Self Expression Magazine

Too Many Meetings? Creating Spiritual Clarity at Work

By Shrinkingthecamel

Too Many Meetings? Creating Spiritual Clarity at WorkSeveral years ago, the senior executives of my company gathered in the Board Room to have a meeting about meetings. Apparently, some people had been complaining that we were having too many.

I will be the first to admit there may have been some truth to this. Over the previous several months we had chartered one team after another to attack a wide swath of initiatives, projects, strategies, and urgent priorities. However, in our enthusiasm for Getting Things Done, it appeared that we may have buried many of our most valuable managers in a sea of projects that may never actually get completed in our lifetime.

How Can We Be So Busy and Produce So Few Results?

To prepare for our senior executive meeting about meetings, we asked one of the junior spreadsheet wonks from the finance department to cough up a matrix listing every team project and initiative throughout the organization, and also a roster of who is on each of these teams.

“This shall be good,” we said to ourselves. “Yes. Let us take stock of our meeting situation.”

The Board room lights were dimmed, and the Meeting Inventory Spreadsheet was projected up on to the screen, larger than life. Across the top was every major team initiative that we knew of, and then down the vertical side were the names of the people on the various teams. Each horizontal row had big X’s to mark where that person was assigned to a team.

It turns out that corporate life is just like church: we discovered that 20% of the managers were participating in 80% of the teams. These were the same managers who were yammering about having too many meetings. Looking at that spreadsheet, you also couldn’t help but notice there were a whole bunch of other names with no check marks next to them, no matter how far you went out in the screen view. Those were the people that weren’t doing anything at all, other than their regular jobs. Slackers.

No wonder these managers were complaining. We had given all the work to the few that we all thought were the most capable.

“Hmm,” We said, upon this realization, carefully examining the chart.

Then one very bright vice president spoke up:

“This explains why we seem to be so busy all the time without getting any results.” The rest of us nodded our heads in hearty agreement.

“Makes sense,” chimed in the VP of Sales.

“Yup. These guys are drowning,” said the CFO.

“This time we have really gone too far,” said another executive, as we hung our heads in shame.

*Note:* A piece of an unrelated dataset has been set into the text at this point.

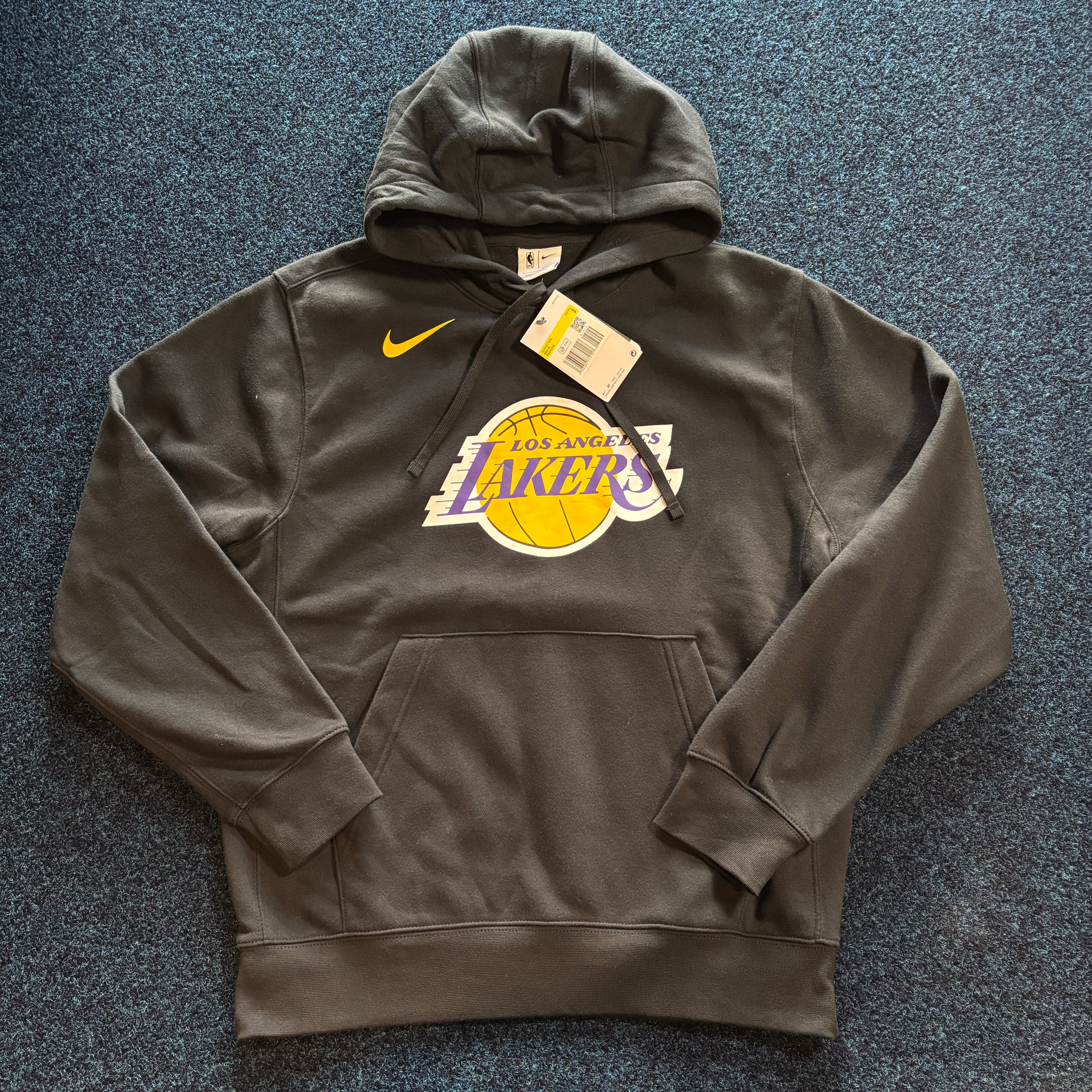 LA LAKERS HOODIE BLACK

Well, that part’s not true. For goodness sake, no executive worth his salt is going to apologize for going a little overboard pursuing worthy projects! All we were trying to do was to maintain an aggressive position to keep our heads above water for another fiscal year. It just happened to get a bit lopsided.

This situation reminded me of something a wise friend of mine said recently:

 “Don’t confuse activity with action.”

In other words, just because someone looks really, really busy, it does not necessarily mean that they are being very productive. It could, in fact, mean the opposite – you get so busy working on so many different things, that nothing important is getting accomplished at all.

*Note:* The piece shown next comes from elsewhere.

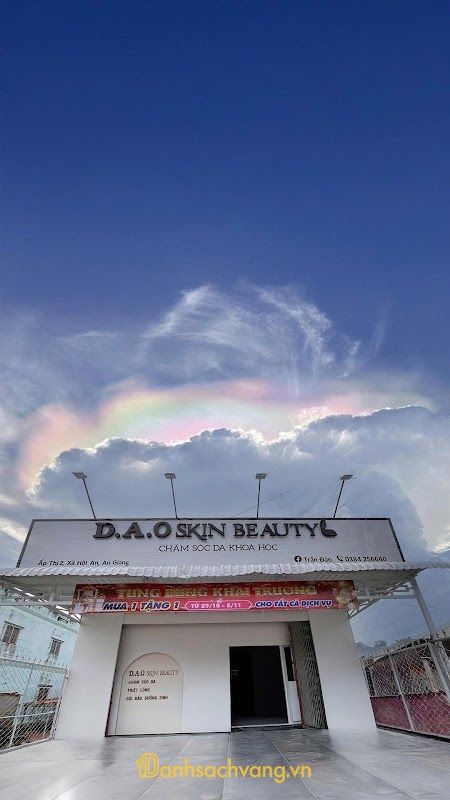 DAO.Skin Beauty - spa trị mụn ở An Giang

Purge and Prioritize to Focus Energy on the Greatest Potential

The bright and accomplished executives who were gathered that day in the Board room quickly went to work on a new project: developing a “Meeting Optimization Program,” where we began to prioritize and streamline all of the project teams. We eliminated some, beefed up others, put some on a waiting list, and then shuffled the deck of players so that we were utilizing more of our people, while ultimately limiting each person to three teams, max.

That’s better. Now we can really get something accomplished. I can’t tell you the relief and clarity we felt after purging through that list.

God is Not a God of Confusion

The Apostle Paul made and important but obvious point about best practices for organizational behavior when he was addressing the Corinthian church. By all accounts, this was a church that had gone off the deep end of meeting chaos, with people scrambling every which-way trying to get busy with Jesus. Plus they all wanted to be the loudest voice in their church meetings. Paul attempted to break through all the madness with this simple message in I Corinthians 14:33:

“God is not a God of confusion, but a God of peace.”

It’s difficult to feel spiritually effective in your organization when you are on meeting overdrive, wondering if you are channeling the best and highest use of your time and energy. As executives, of course, we are just interested in getting as much done as we can with as few resources as possible. So we dump. But sometimes it’s necessary to step back and reevaluate, to get focused, to distinguish the activity from the action.

Paul knew that clarity brings order, and that order brings peace. Peace brings spiritual clarity. And we could all use more of this at work.

Do you experience confusion at work, or a focused energy? What can you do as a leader to bring more spiritual clarity to your organization?